*** Block opens ***
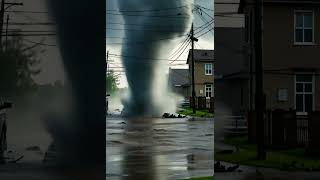 Tornado touches down on the flooded street terribletornado tornadousa florida2024 [upl. by Aliel]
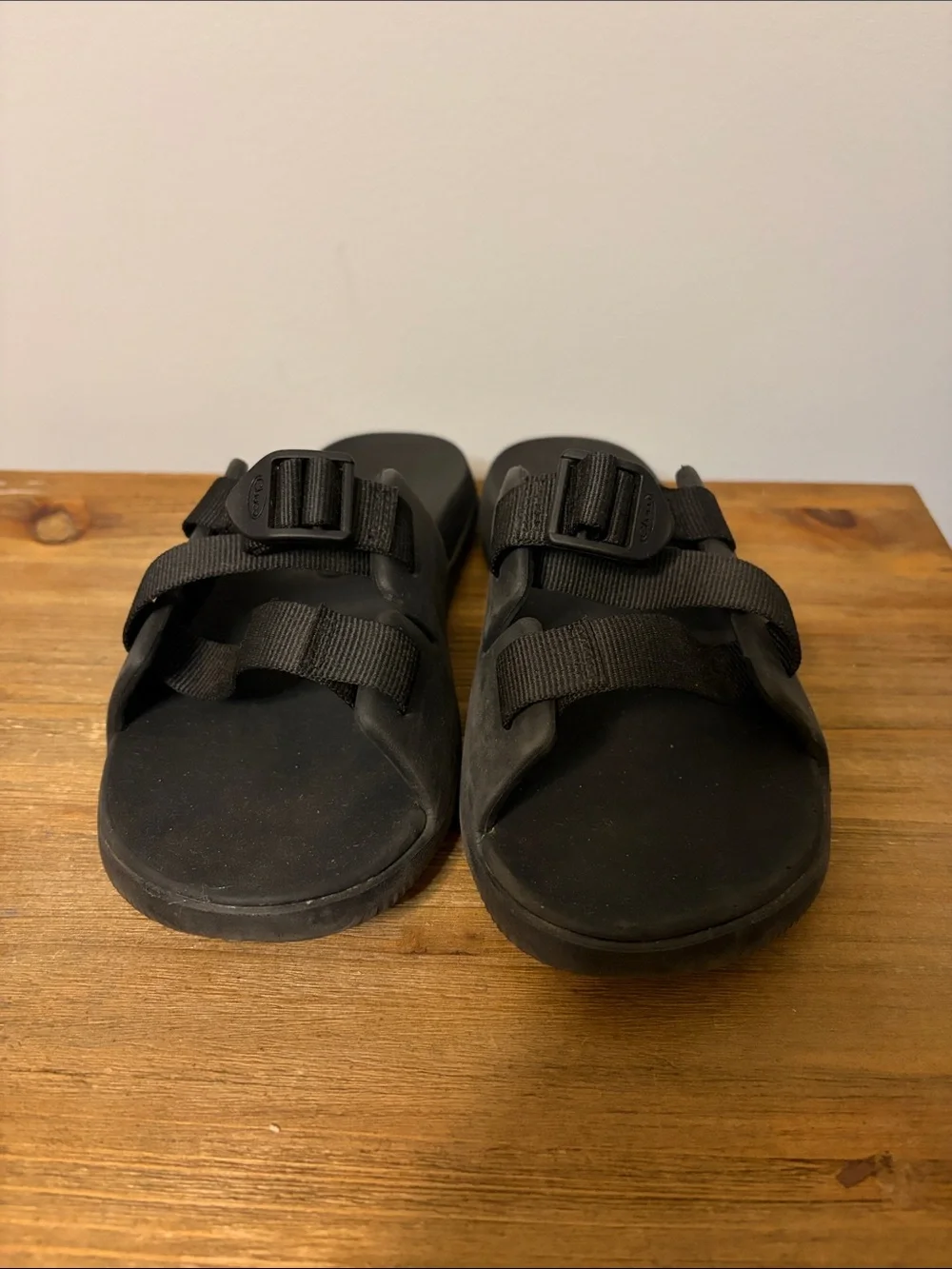 Black Slide Sandals with Adjustable Straps Kids Size 5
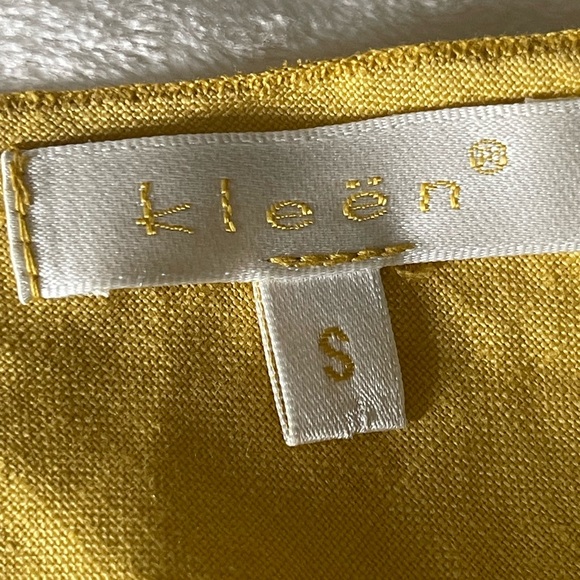 Keen Linen Asymmetrical Mustard Yellow Dress, Sz S - Picture 7 of 9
*** Block closes ***
▶ [Problem statement] The lines from the one containing "Black Slide Sandals" up to and including the last line of the material above are to be given again exactly; any pictures are dropped.

▶ [Your response]
 Black Slide Sandals with Adjustable Straps Kids Size 5
 Keen Linen Asymmetrical Mustard Yellow Dress, Sz S - Picture 7 of 9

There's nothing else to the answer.